Fulwider, 59, who also co-founded a weekly radio show in 2012 called "Friends Talking Faith With the Three Wise Guys," was arrested and charged earlier this month with 30 counts of sexual battery of a person younger than 18, between 2005 and 2010, according to an arrest warrant issued by the Winter Park Police Department, the Orlando Weekly reported.
He had been out on bail since Oct. 17.
It was alleged that Fulwider raped the girl more than 100 times beginning when she was 14, and started grooming her at 13 while she attended First Congregational Church of Winter Park, which is a progressive congregation.
“When you walk through the doors at First Congregational Church, you’ll find a community of people that warmly and genuinely welcome all, regardless of religious tradition, sexual orientation, marital situation, financial or social status. This is a church that abundantly welcomes everyone around the table. First Congregational Church is a home for all who seek to explore and feed their spirit through who they are and what they do … together,” the church explains on their website.

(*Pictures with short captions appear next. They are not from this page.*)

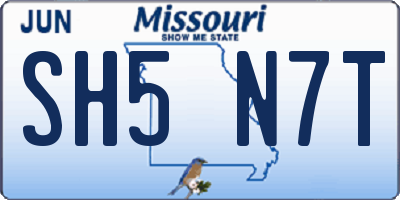 MO license plate SH5N7T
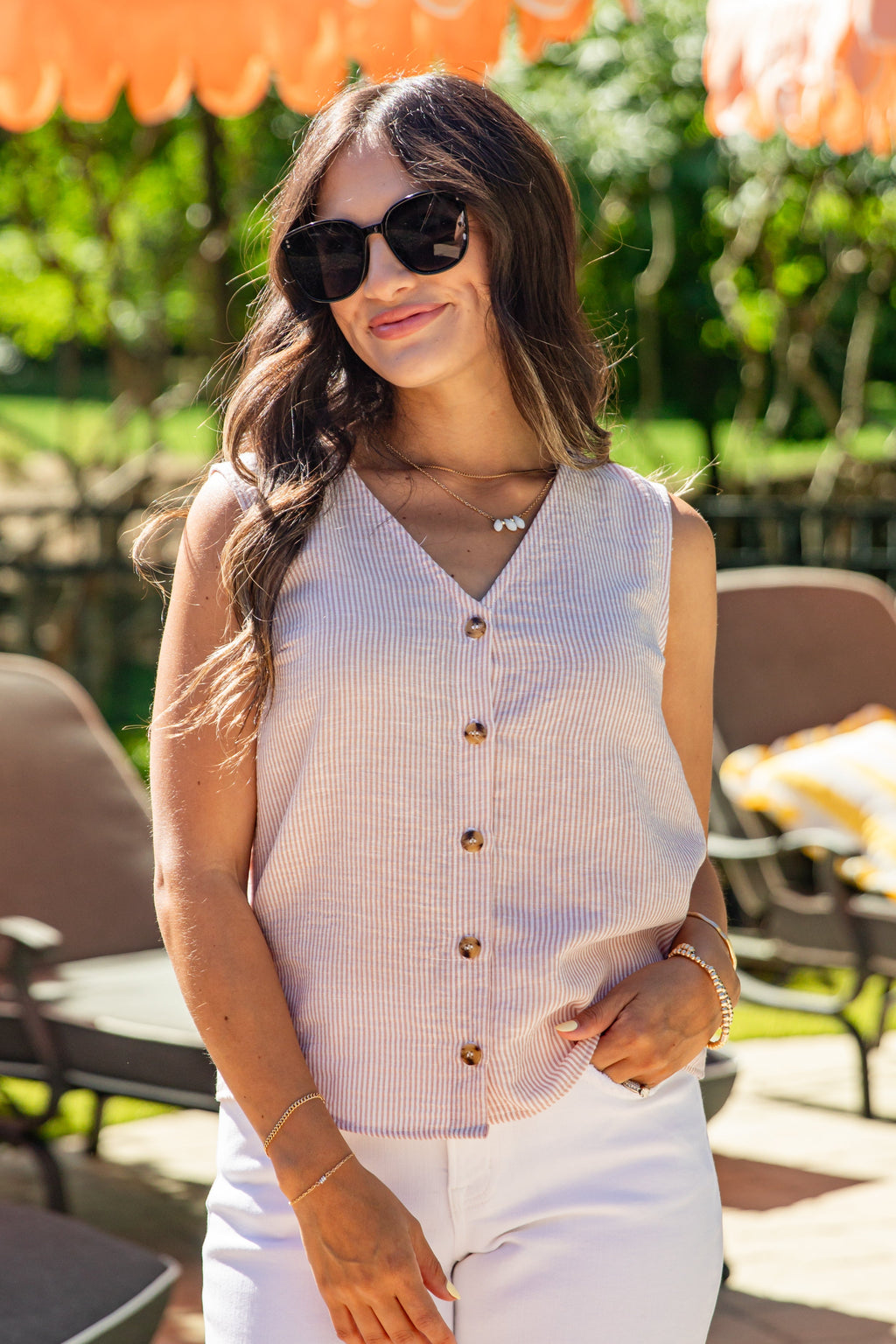 Summer Diaries Striped Button Front Tank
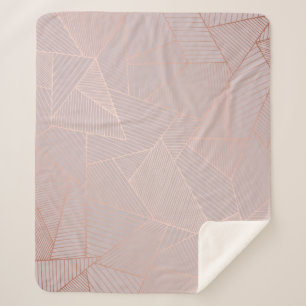 Cobertor Sherpa fundo decorativo rosa de ouro, elegante.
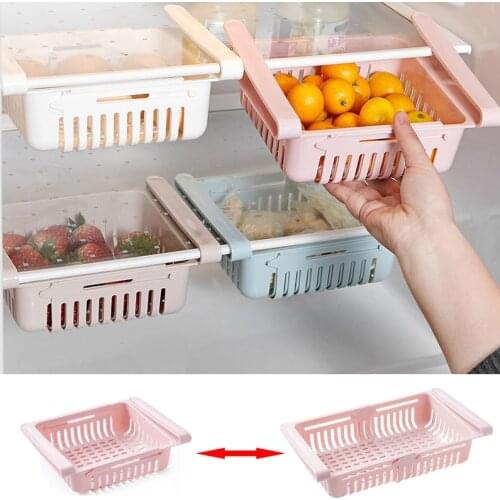 Adjustable Stretchable Refrigerator Organizer Drawer Basket Refrigerator Pull-out Drawers Fresh Spacer Layer Storage Rack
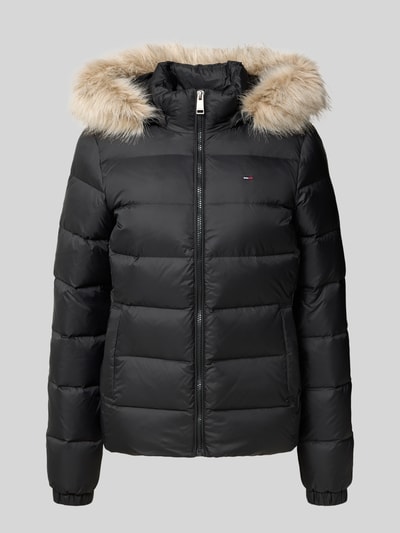 Tommy Jeans Shaped fit donsjack met logostitching  Zwart - 2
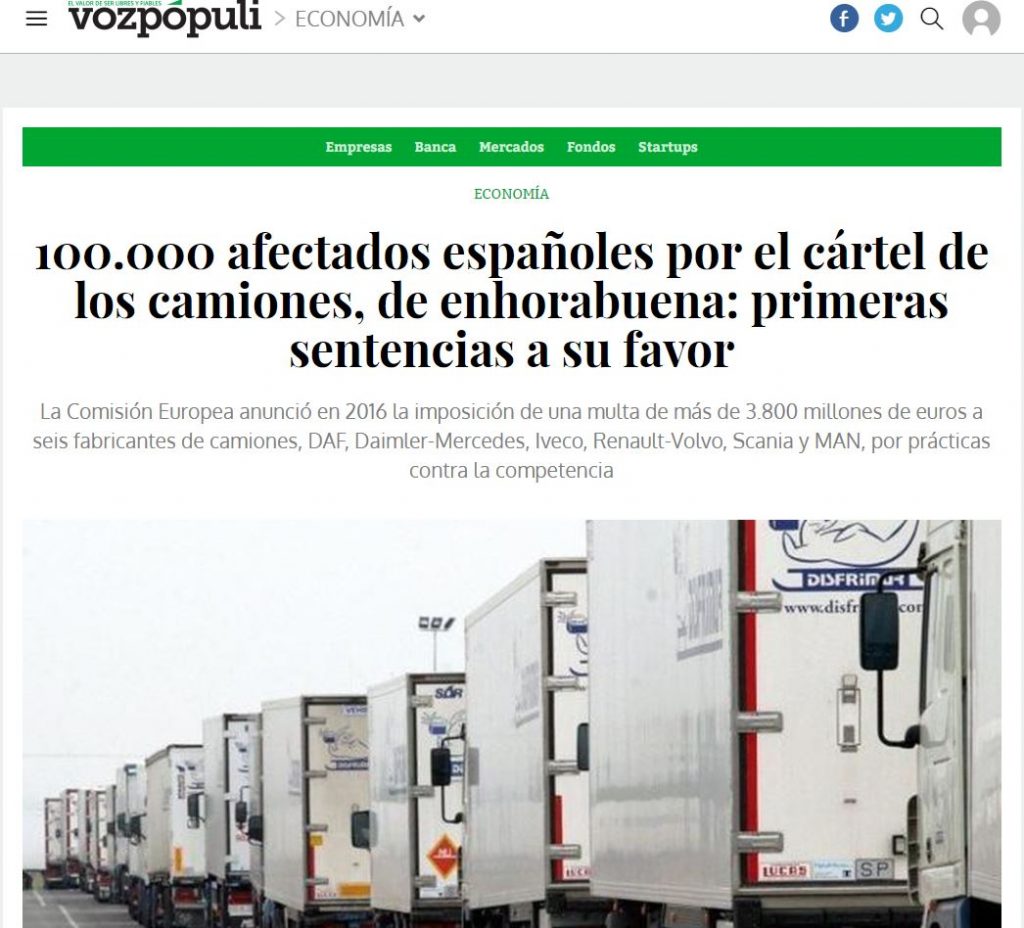 Primeras sentencias a favor de los afectados por el cártel de camiones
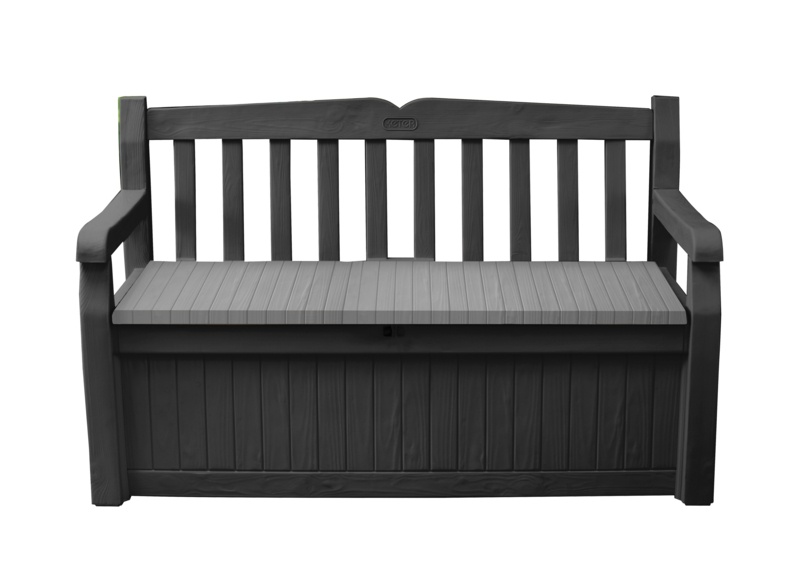 Solana Chic Elegant Wood-Look Storage Bench with Comfy Durable Weather Resistance Sitting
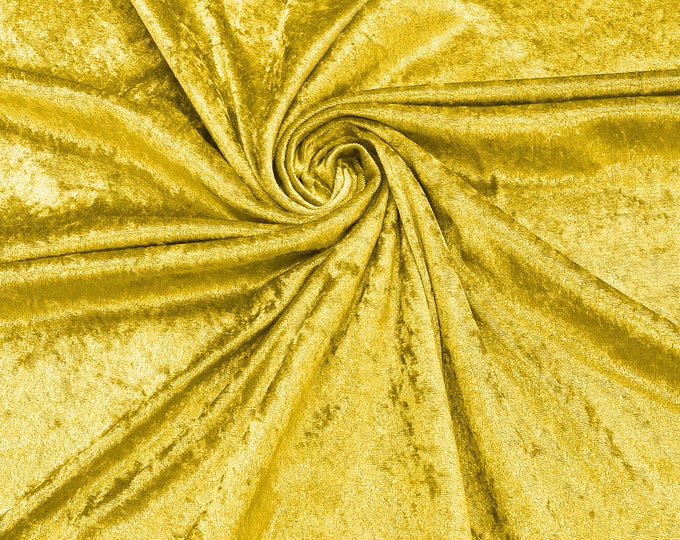 Yellow 59" Wide Crushed Stretch Panne Velvet Velour Fabric Sold By The Yard.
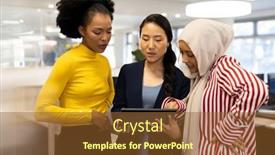  Presentation with corporation - PPT theme with diverse-businesswomen-with-tablet-working background and a tawny brown colored foreground
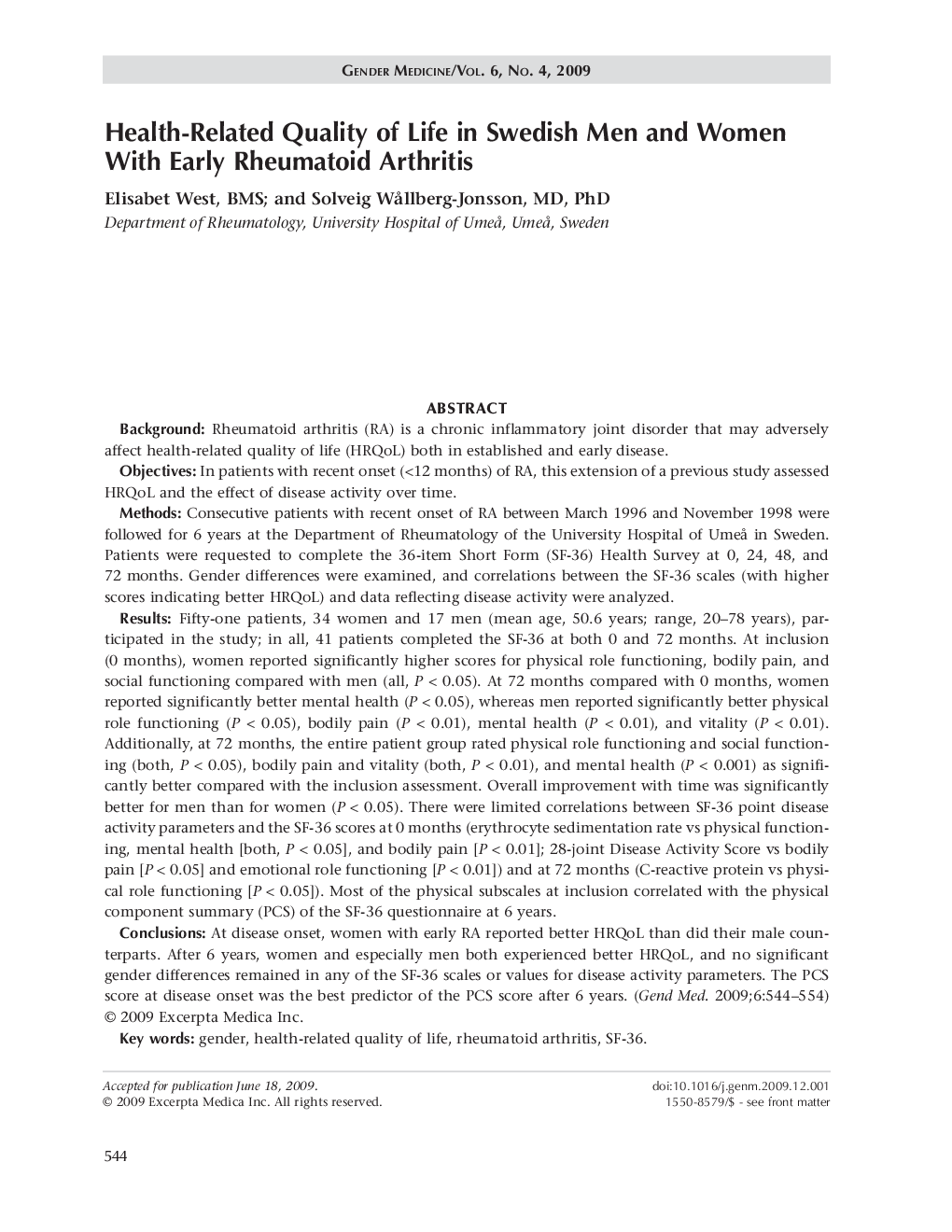 Health-related quality of life in Swedish men and women with early rheumatoid arthritis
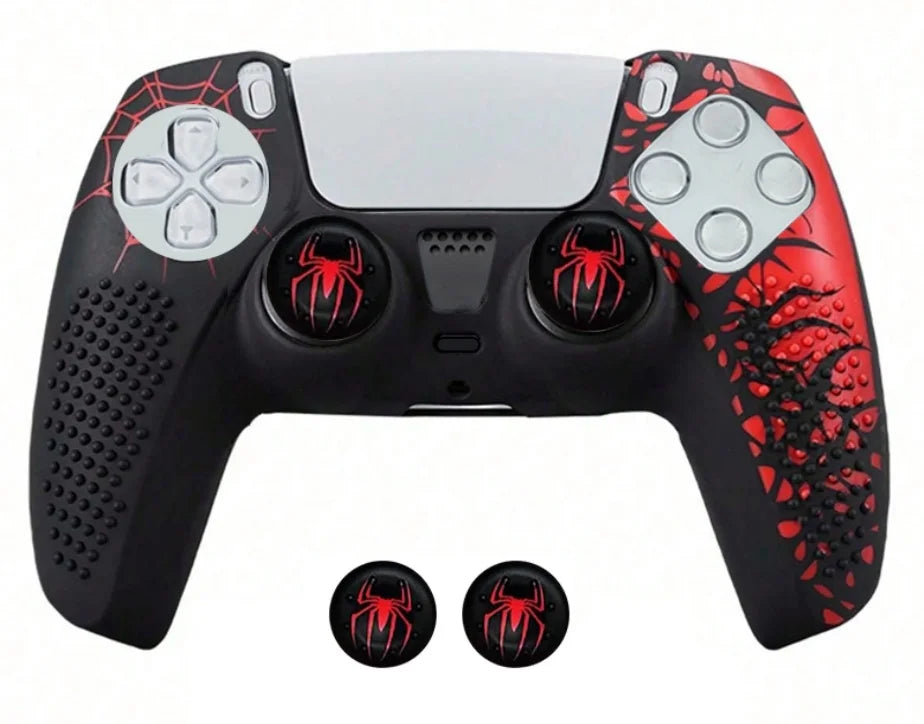 Coque de protection antidérapante en silicone pour manette PS5 avec grips en caoutchouc pour joysticks et autocollant pour pavé tactile pour PS5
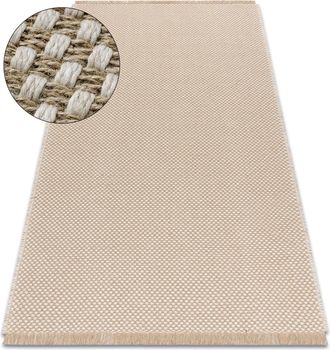 RugsX Rugsx - Alfombra Jute 3731 Crema / Beige - Yute, Tejido Plano, Flecos Beige 140x190 Cm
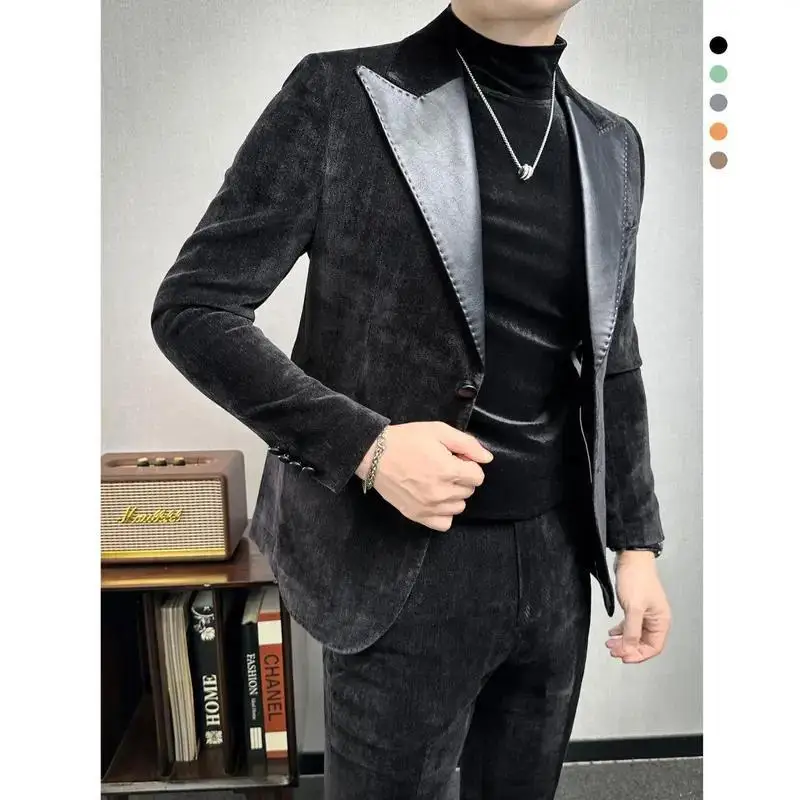 O933suit suit men's hot style 2024 new autumn and winter Korean version handsome contrast color casual suit for men
O933suit suit men's hot style 2024 new autumn and winter Korean version handsome contrast color casual suit for men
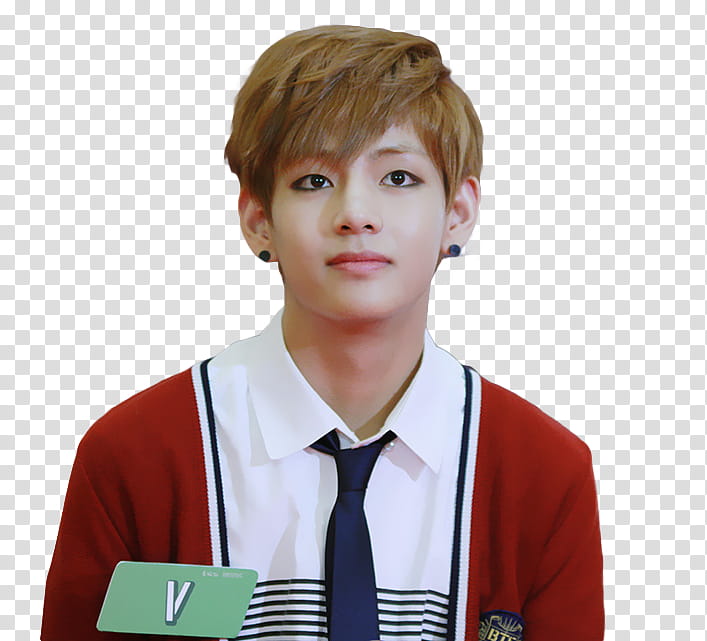 V TAEHYUNG BTS, smiling man in white and red collared shirt with blue necktie transparent background PNG clipart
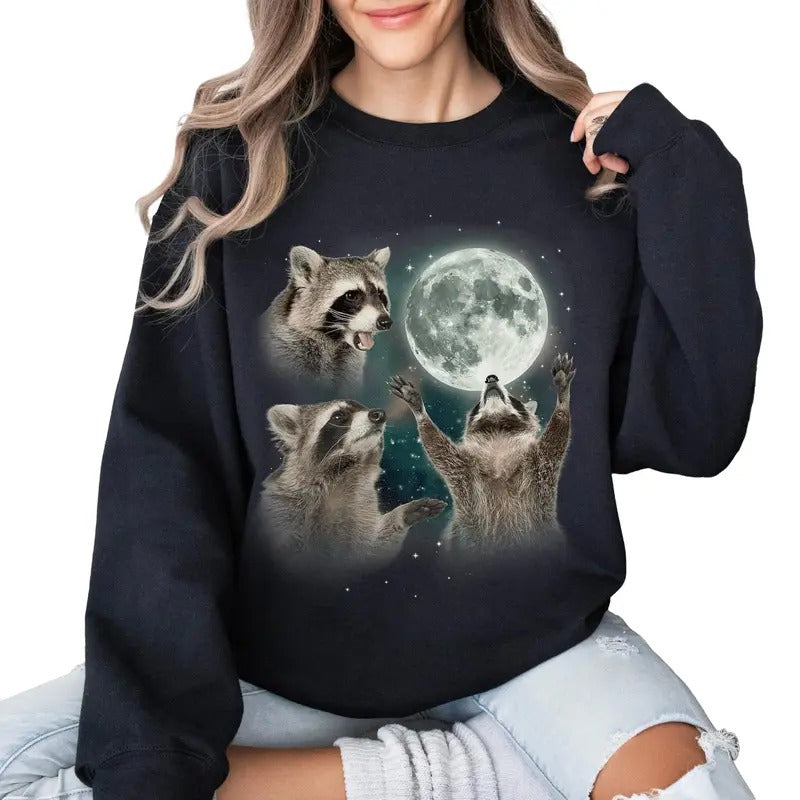 Racoons howling at the Moon Shirt, Racoon Meme Gift, Cute Animals Shirt
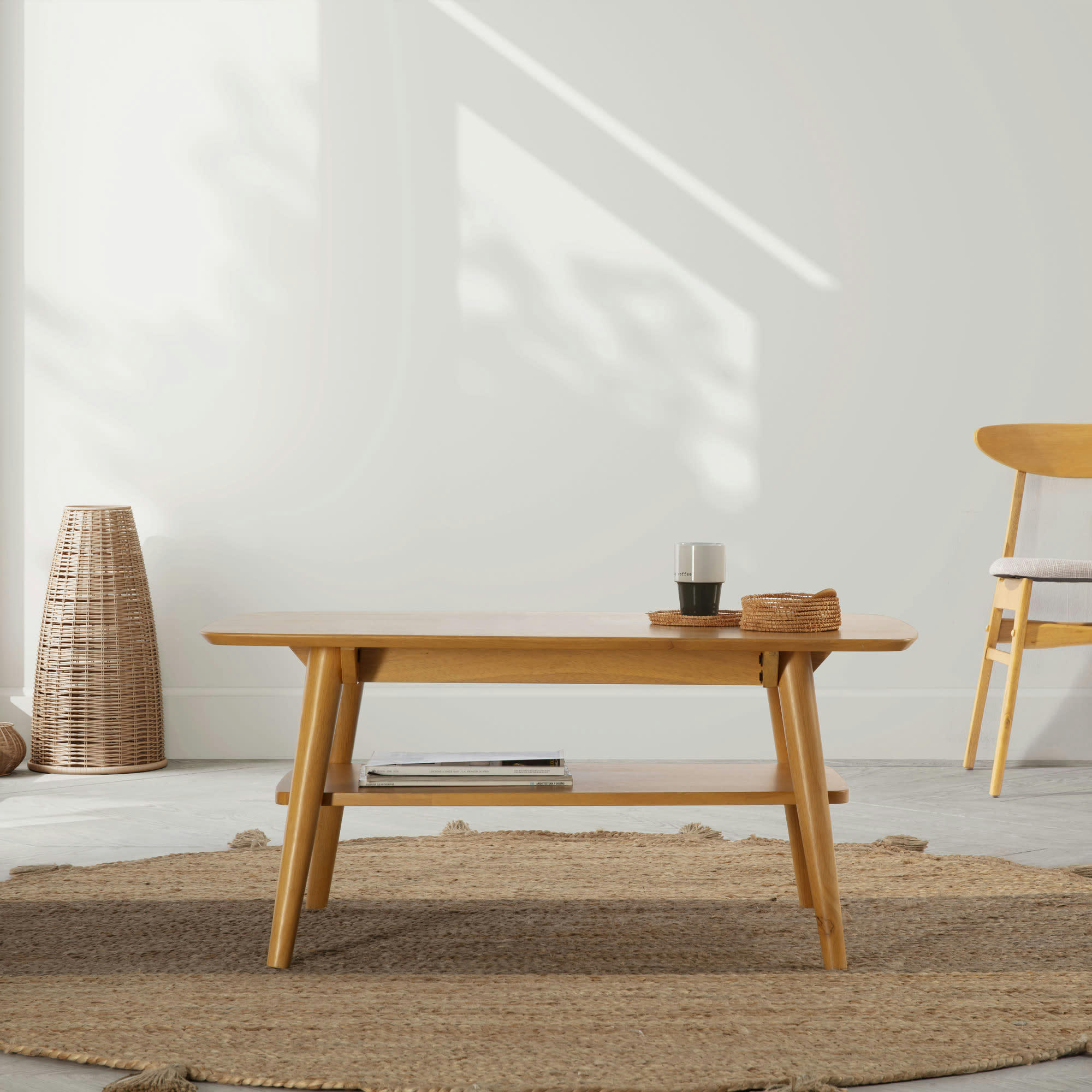 PALMA - Table basse rectangulaire, bois massif couleur chêne, 100 cm longueur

Prosecutors cited by Tampa Bay Times said their case against Fulwider was “extremely strong,” due to a nearly hourlong recorded call between Fulwider and his accuser, in which he admitted his accuser was a victim and he was a predator in the “eyes of the law.”
Fulwider, however, appeared to justify his actions by suggesting his accuser as a girl was just “too damn mature for your own good.”
“(T)here was never anything salacious or bad about it and you were always too damn mature for your own good and I have always loved you,” police noted he said on the call. “It wasn’t like I was off hunting people. It was a connection.”
In a statement to the Orlando Sentinel Monday, Fulwider’s accuser said she wasn’t shocked by his suicide.
“Fulwider’s day in court will never come because he knew all the truths I could tell,” the woman wrote.
“My story doesn’t stop with his cowardice through; I will work in the coming months to get justice for myself and any other victims impacted by Fulwider’s abuse. I’m thinking of Fulwider’s other victims and hope they are well tonight,” she added.
Fulwider had not been charged by police of abusing anyone else at the time of his death, but detectives investigating whether there could be additional victims have asked anyone with information about the case or who might have been victimized by Fulwider to call 407-599-3211.
The accused pastor’s attorney, Jacob V. Stuart Jr., previously noted that he and his client “vehemently deny each and every allegation that has been made against him.”
If he was convicted of the charges, Fulwider would have faced a sentenced of life in prison. He had pleaded not guilty.